A detail from the handkerchief – the "Motor Mascot".

A pair of Ancient Order of Froth Blower cufflinks.

The more we are together, together, together
The more we are together
The merrier we'll be.
For your friends are my friends
And my friends are your friends,
And the more we are together
The merrier we'll be.

By late 1928, 700,000 had joined, raising over £100,000 (equal to £ today) for hospital cots, outings to the country, invalid children, etc. It endowed 40 hospital cots, funded holidays for thousands of needy children, and in 1929 established a roof garden for mothers and children on the Marylebone Housing Association's first block of slum clearance flats.

A plaque designed by artist and illustrator Henry Charles Innes Fripp, cousin of Arthur Fripp, was created to accompany donations of £500 (about £20,000 in today's money) to fund the costs of 50 children's hospital beds.

Their popularity was particularly upsetting to the Temperance activists who believed that it was alcohol which caused the "wee waifs'" suffering; not something a doctor and surgeon-to-the-King should be sponsoring. In 1927, Walter Greville of the Good Templars described it as "the latest recruited ally of the liquor trade", saying that "for ridiculous vulgarity and foolish methods it took the first prize". Sir George Hunter, speaking for the Fellowship of Freedom and Reform in 1929, called the Froth Blowers "a disgrace to the country".

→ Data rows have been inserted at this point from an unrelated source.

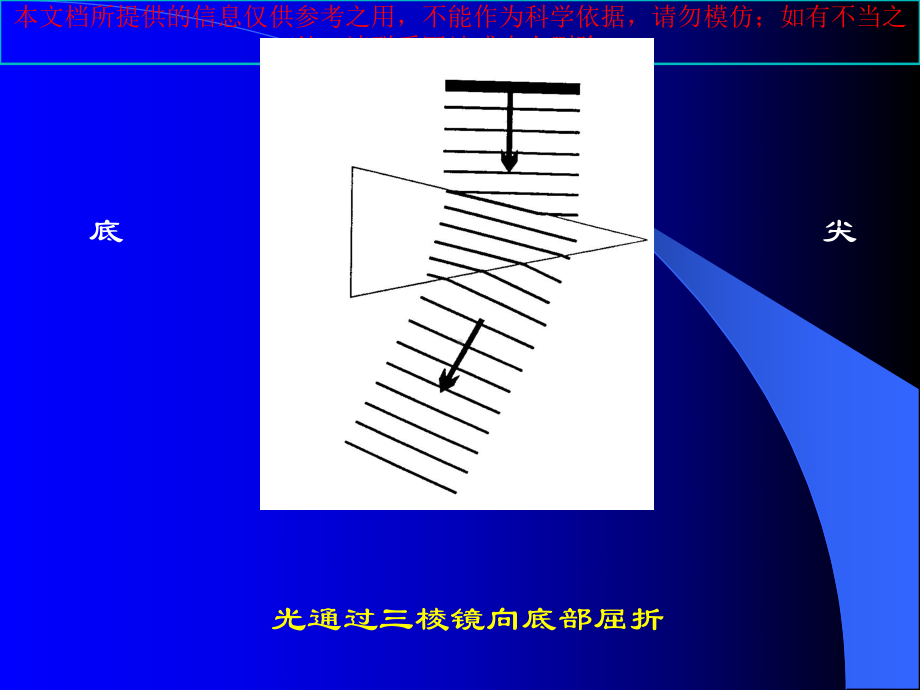 三棱镜在眼科的应用培训课件.ppt_第3页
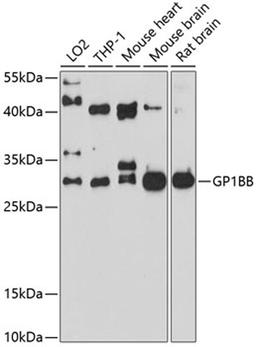 Western blot - GP1BB antibody (A10113)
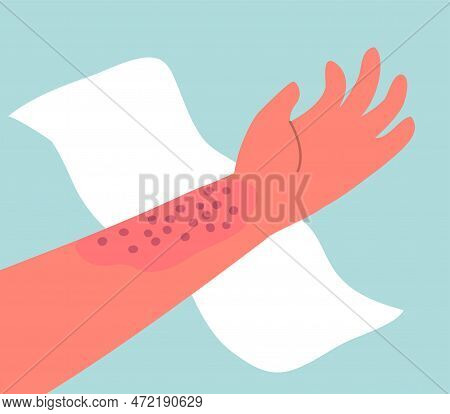 Dermatitis On The Skin Of A Human Hand. Dermatological Disease. The Symptom Is Itching, Pain, Rednes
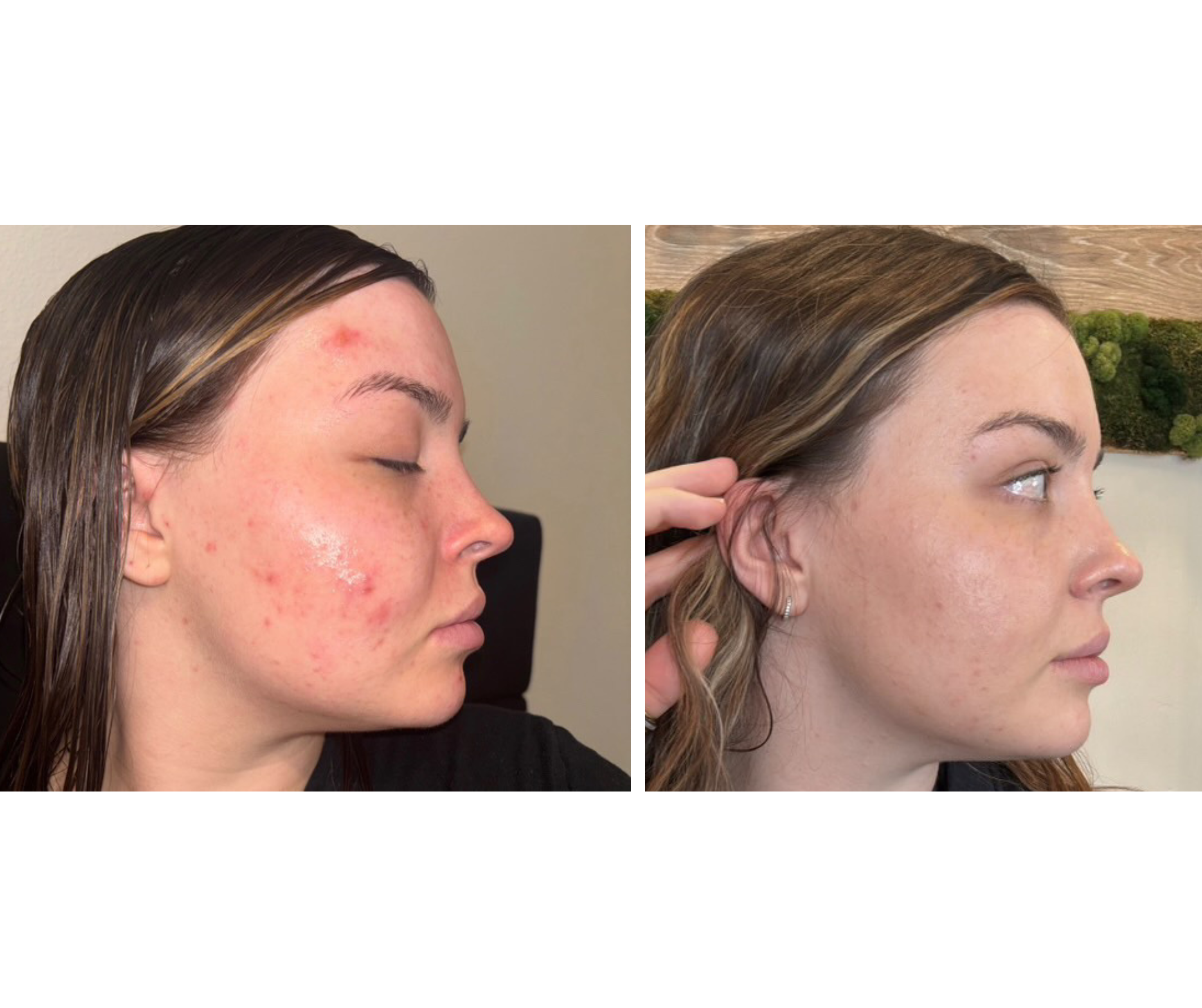 Active Acne Treatment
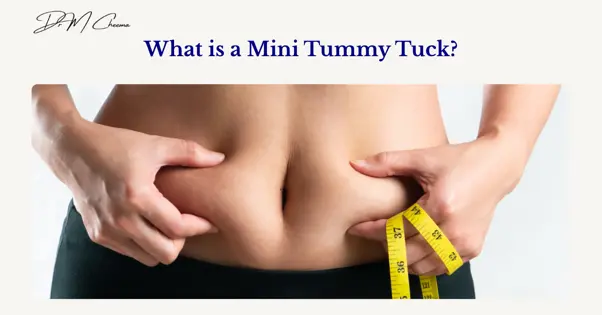Mini Tummy Tuck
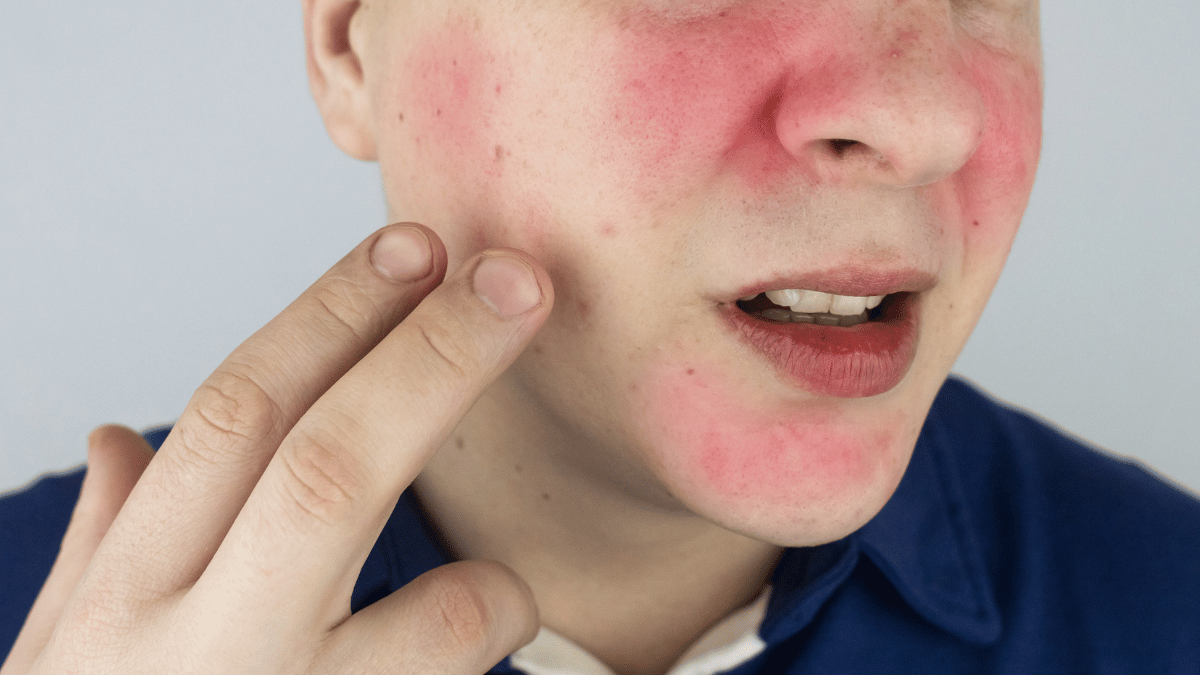 How to Get Rid of Rosacea: Causes, Treatment & Home Remedies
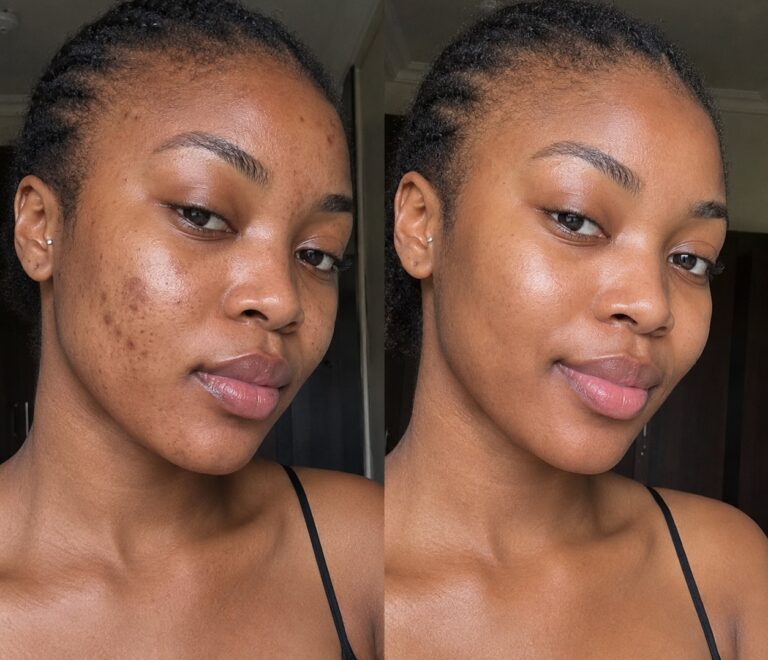Best Skincare Products for Dark Spots on Melanin-Rich Skin in Nigeria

Nevertheless, the Lord Chancellor, Viscount Hailsham, described it as "a great charitable organisation", and when Fripp died in 1930 his Times obituary said of the Froth Blowers, "These, by their innocent mirth, assisted by a catchy tune, have contributed largely to charities, and have entertained and brightened the lives of innumerable children".

The movement came to a natural end shortly after Fripp's death, when The Sporting Times folded and finally Bert Temple died in 1931. In that year the Ancient Order of Froth Blowers Limited went into voluntary liquidation. Residual money was used by Lady Fripp and her family to fund "Heartsease", a Girl Guide retreat in the grounds of the West Wickham Home of Recovery for Children with Heart Disease, a hospital which had been partially funded by Froth Blower gifts in 1927. The Ancient Order of Froth Blowers Girl Guide and Boy Scout Charity Limited still administers this site.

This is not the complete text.